Efforts at gaining a better insight into Venus' climate must consider whether this planet still has active volcanoes. This is an outstanding question with important implications, as active volcanoes offer one explanation for the planet's sulphuric acid content. One way to detect volcanic activity is to use seismometers, which would require another lander mission to Venus. However, if this is to be of value, the electronics in the seismometer would need to survive 2 months or 2 years, rather than just a couple of hours.


A block diagram of the proposed Venus Lander. This should be seen as an example of the electronic building blocks needed for a typical system. Different sensors are used, and amplifiers are needed in many cases to increase the signal level, prior to conversion to a digital signal in an Analogue-to-Digital Converter (ADC). The microcontroller (MCU) with memory stores the data until it can be sent to a satellite for relaying to Earth. The radio transceiver activates when the satellite is in range, with the microcontroller sending stored data. The power supply unit (PSU) converts energy for different parts, and turns off units when not used. One possible high-temperature power supply would be a Radioisotope Thermal Generator (RTG).

Why is there a temperature limit?

All classes of semiconductor have an intrinsic temperature limit. Heating this material generates carriers, in the form of electron-hole pairs. For devices at room temperature, these carriers are hardly noticeable, except in sensitive systems where there is added noise - it is for this reason that radio telescope receivers are cooled.
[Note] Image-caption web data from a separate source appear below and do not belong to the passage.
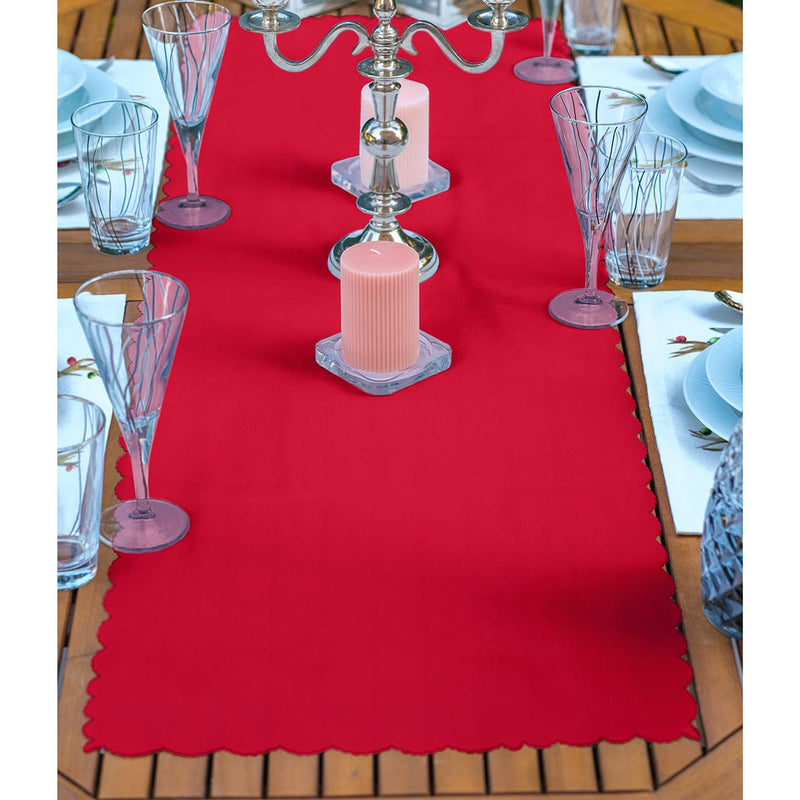 4+1 Yılbaşı Kırmızı & Geyik Tasarımlı Amerikan Servis & Runner Seti Bonvagon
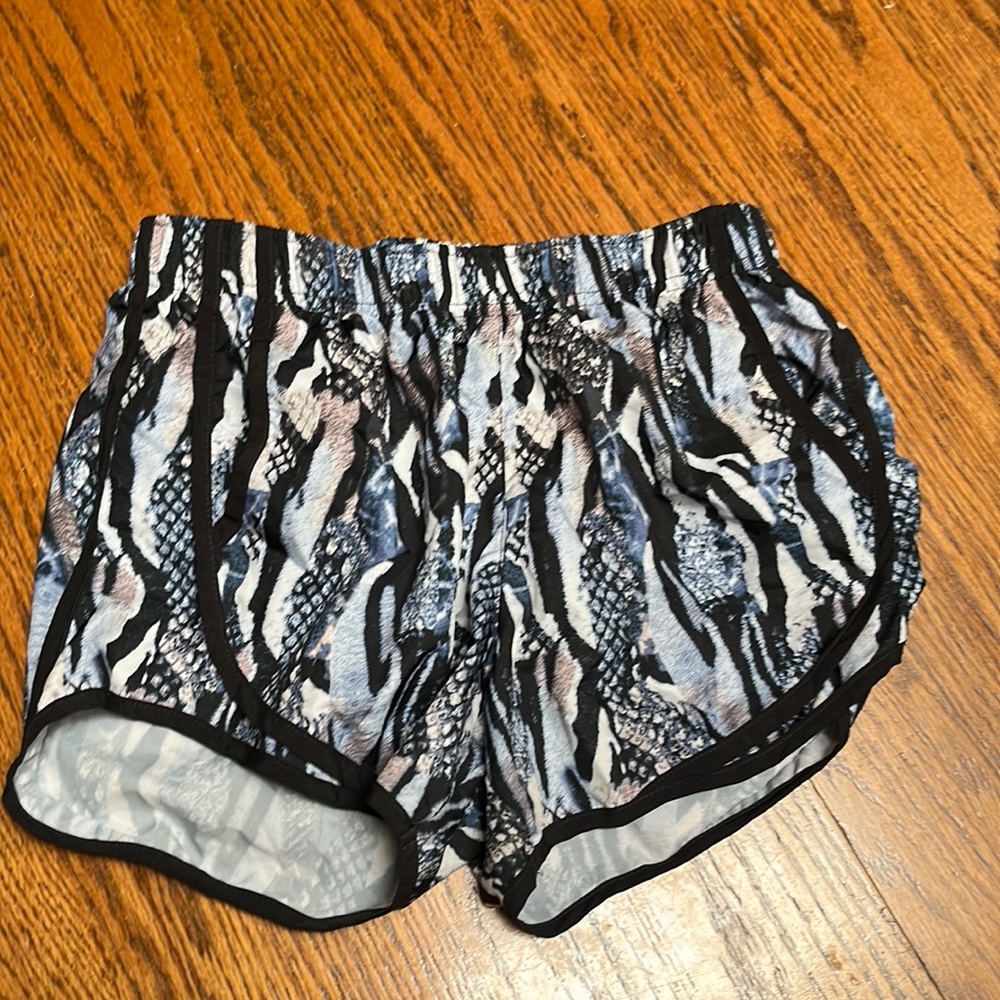 Calvin Klein Black, White & Gray Patterned‎ Athletic Shorts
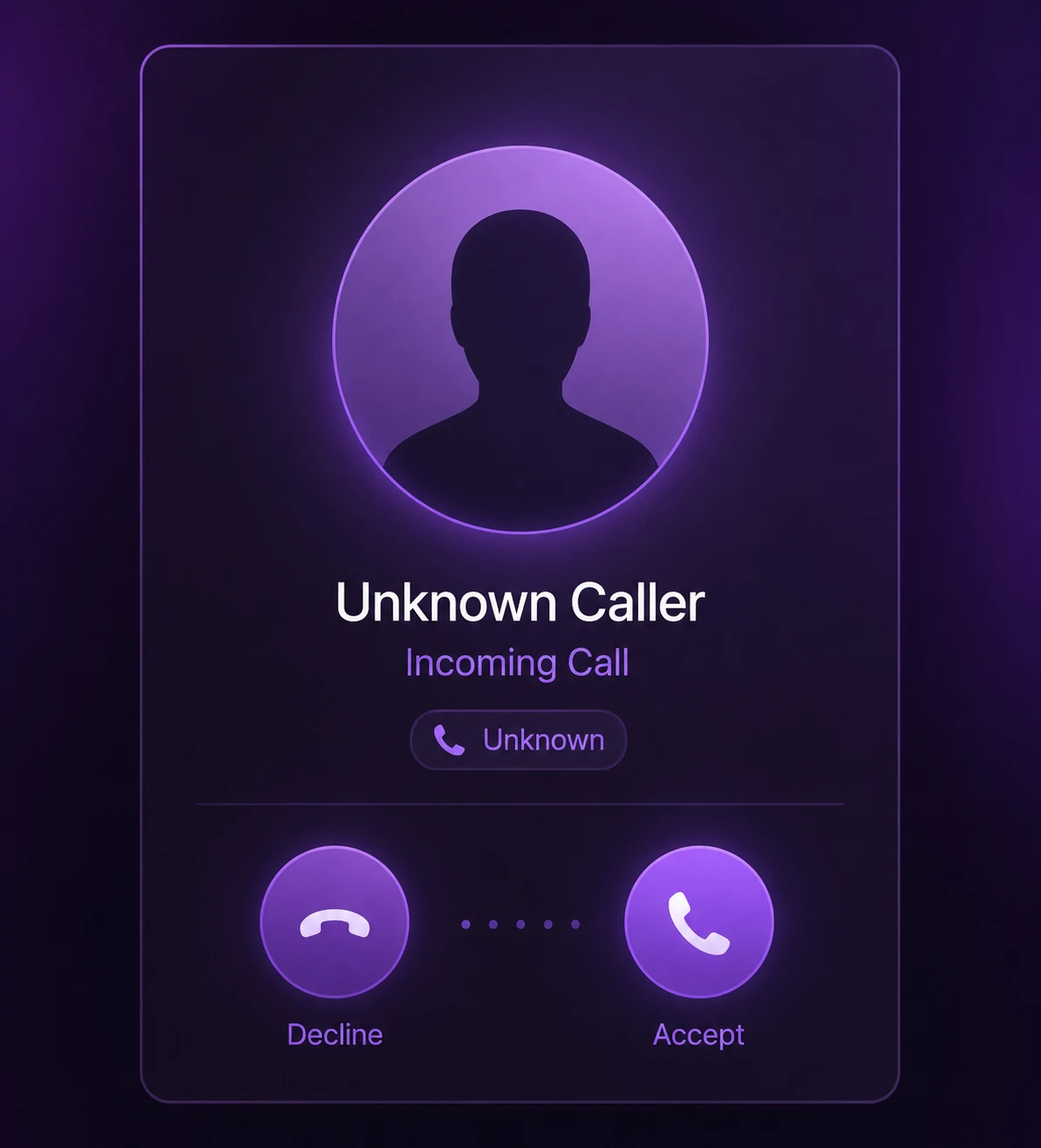Purple contact-card style image for an unknown caller pfp.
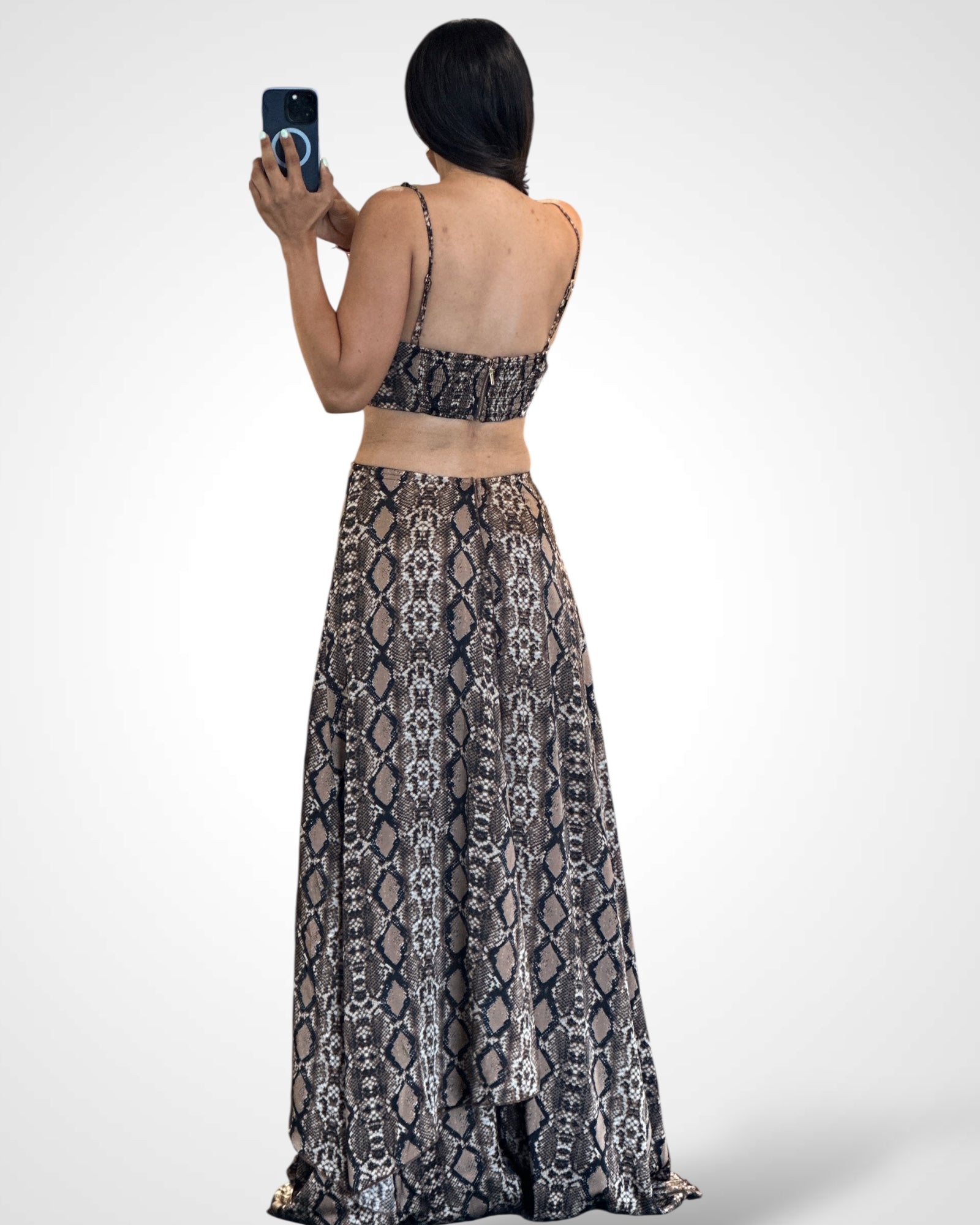 SJQ-Wood Bead Python Cutout Maxi Dress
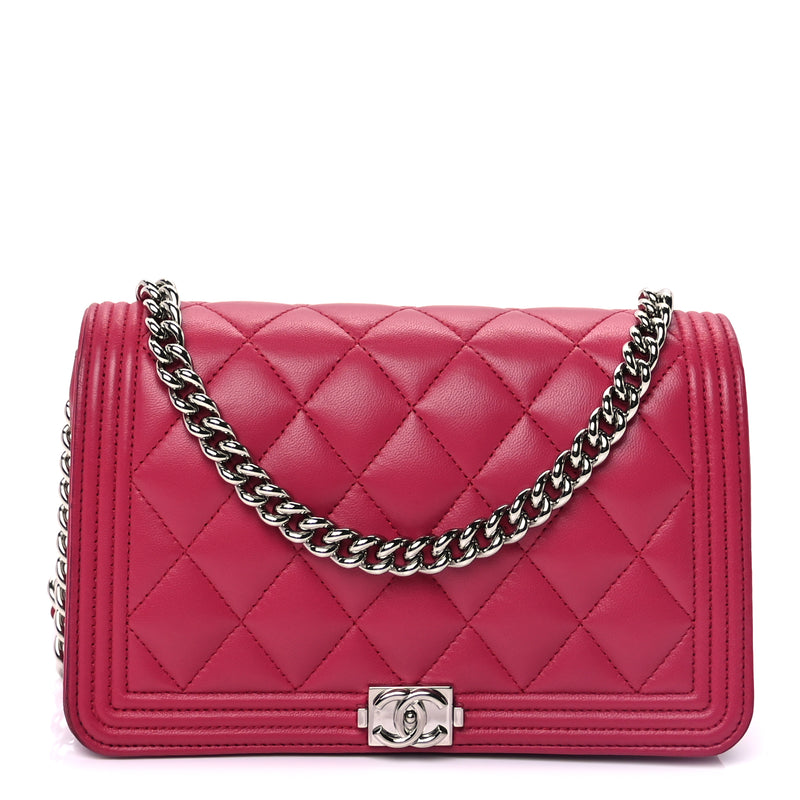  Chanel Lambskin Quilted Boy Wallet On Chain WOC  Pink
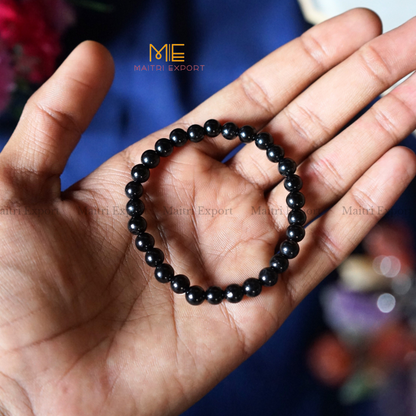 Black Tourmaline Natural Crystal Healing Bracelet-6mm-Maitri Export | Crystals Store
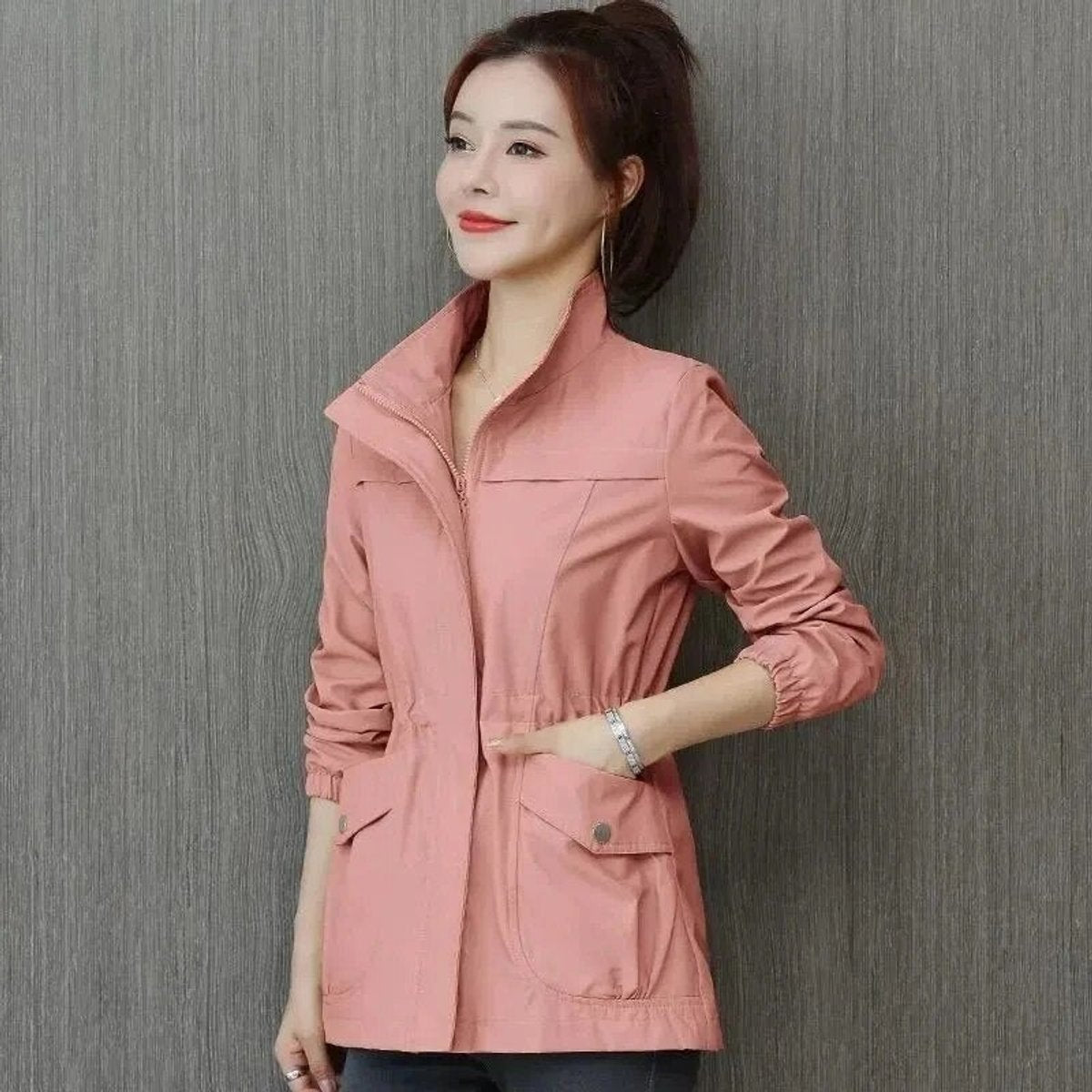 Evelyn Women's Short Bomber Jacket | Lightweight Zip-Up with Drawstring Waist 4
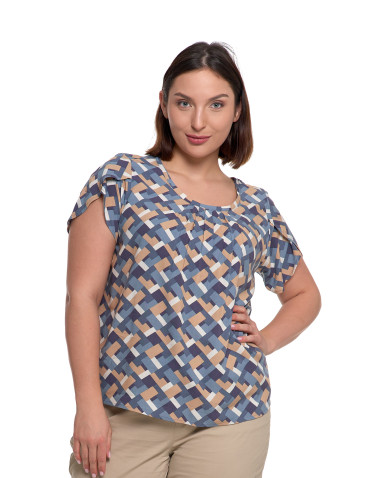 Bluzki i koszule - Bluzka damska z wiskozy wzorzysta NIEBIESKI - produkt 5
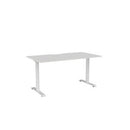 Haven Fixed Single Sided Desk 1500x800 White Top Scallop White Frame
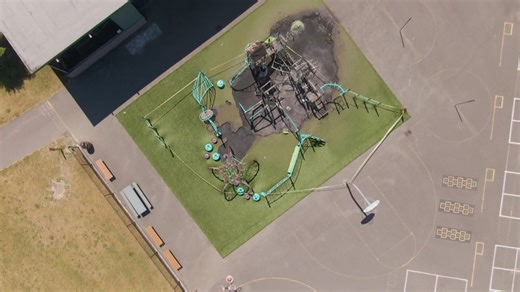 Phantom Lake Elementary School play structure burns in fire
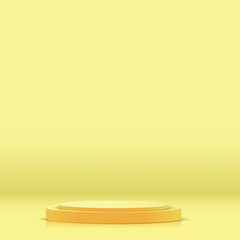 Obraz na płótnie Canvas Abstract minimal scene with geometric forms. Yellow podium in yellow background for product presentation. Vector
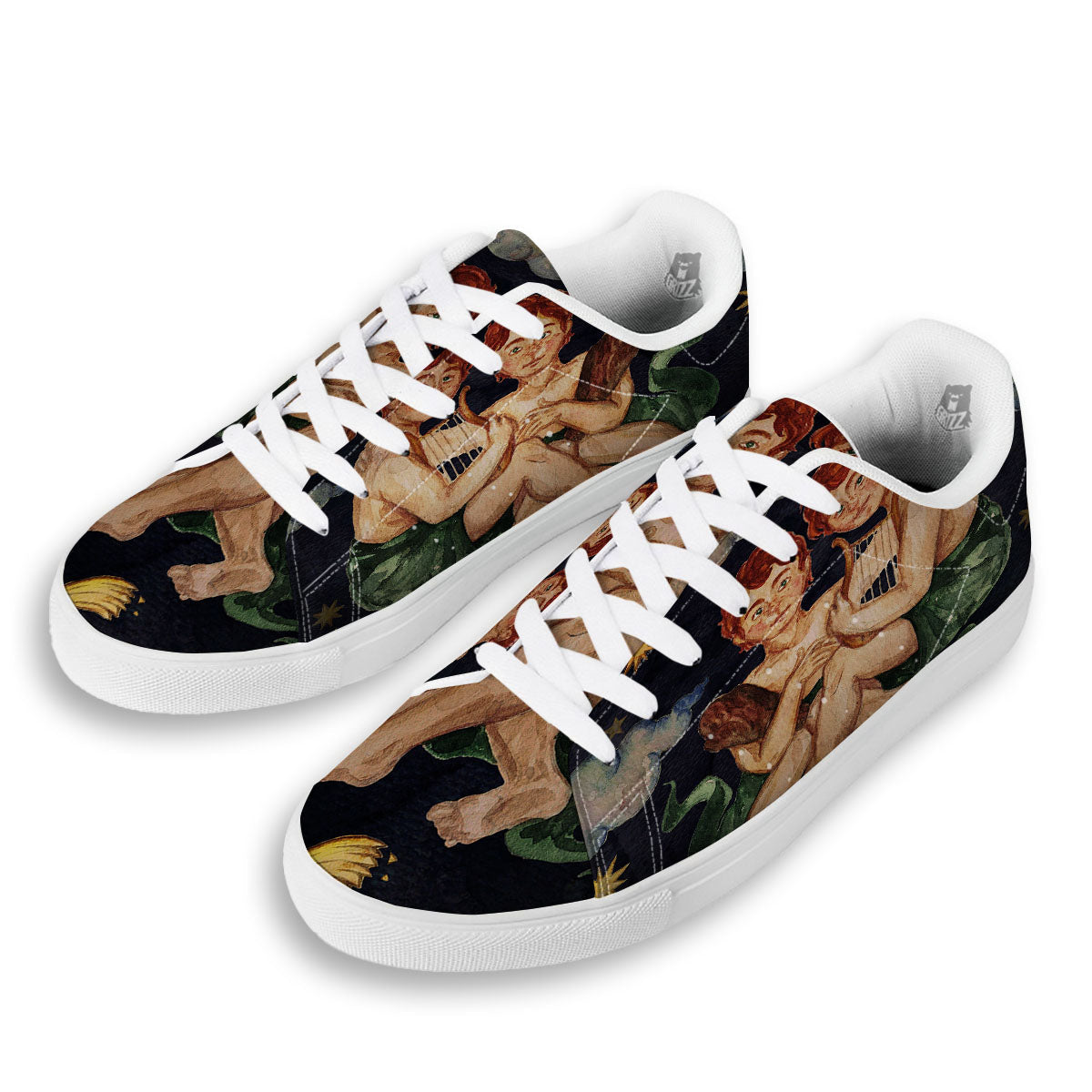 Zodiac Sign Watercolor Gemini Print White Low Top Sneakers-grizzshop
At elevated temperatures leakage currents escalate, causing some sensors to lose their sensitivity, power consumption to increase, and most transistors to operate less optimally. At even higher temperatures far greater issues arise, with semiconductor devices no longer able to block the applied voltage and catastrophic failure occurring. To try and prevent this from happening, in many high-power electric circuits heat sinks and fans extract the heat from the devices.

Why SiC?
Governing the operating temperature of every semiconductor device is its bandgap. The thermally generated carriers - referred to as the intrinsic concentration in physics text books - depend on the energy bandgap in an exponential relation, causing the increase of conductivity to rise exponentially with temperature.

Due to this relationship between the bandgap, the temperature and the conductivity, SiC is far better than silicon at handling the heat. SiC is blessed with a bandgap of 3.2 eV, compared with just 1.12 eV for silicon. Thanks to a tripling of the bandgap, devices made from SiC can operate at up to at least 800 °C, compared with around just 200 °C for silicon. What's more, the wider bandgap reduces sensitivity to radiation damage.

Right now, sales of SiC devices are ramping fast, with SiC MOSFET switches and power Schottky diodes winning substantial sales, thanks to their capability to operate at high voltages with low on-state and switching losses. Compared with incumbent silicon devices, those made from SiC benefit from a critical field for breakdown that is almost ten times higher, allowing the device's blocking region to be ten times thinner and have almost a hundred times higher doping. The upshot of these attributes is that, for the same blocking voltage, SiC devices have an on-resistance that is 200 to 400 times lower than their silicon siblings. Many manufacturers are offering SiC diodes and transistors rated between 600 V and 3300 V, which are being deployed in power supplies and electric vehicles.